■ SUPPLIED INFORMATION ■
/---

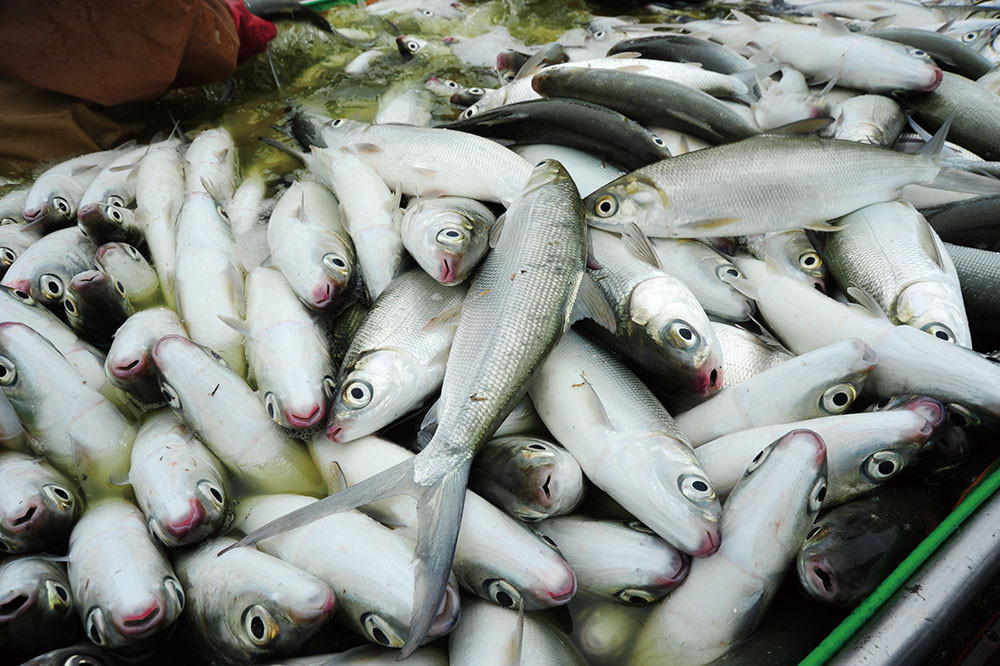 永安虱目魚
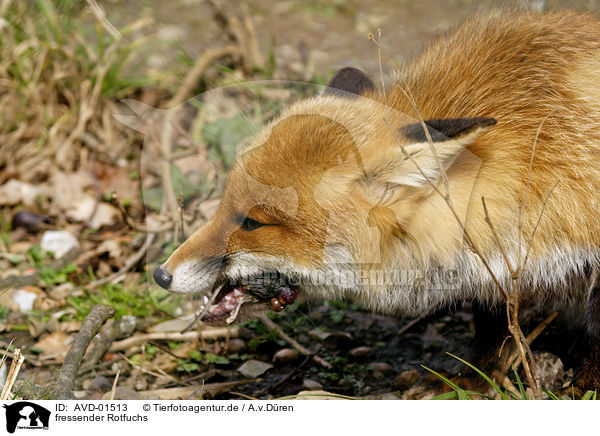 fressender Rotfuchs / eating red fox / AVD-01513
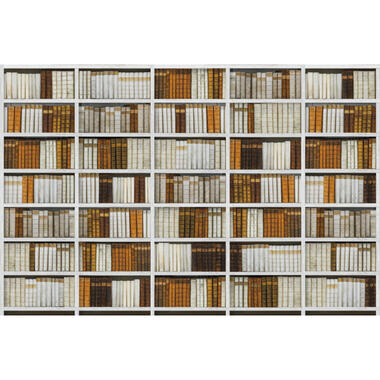 Sanders & Sanders fotobehang - boekenkast - meerkleurig - 424 x 280 cm - 640977 product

\---

■ EXERCISE INSTRUCTIONS ■
When a picture appears in the material, please pass over it while retyping the rest exactly.

■ FINAL ANSWER ■
 永安虱目魚
 fressender Rotfuchs / eating red fox / AVD-01513
 Sanders & Sanders fotobehang - boekenkast - meerkleurig - 424 x 280 cm - 640977 product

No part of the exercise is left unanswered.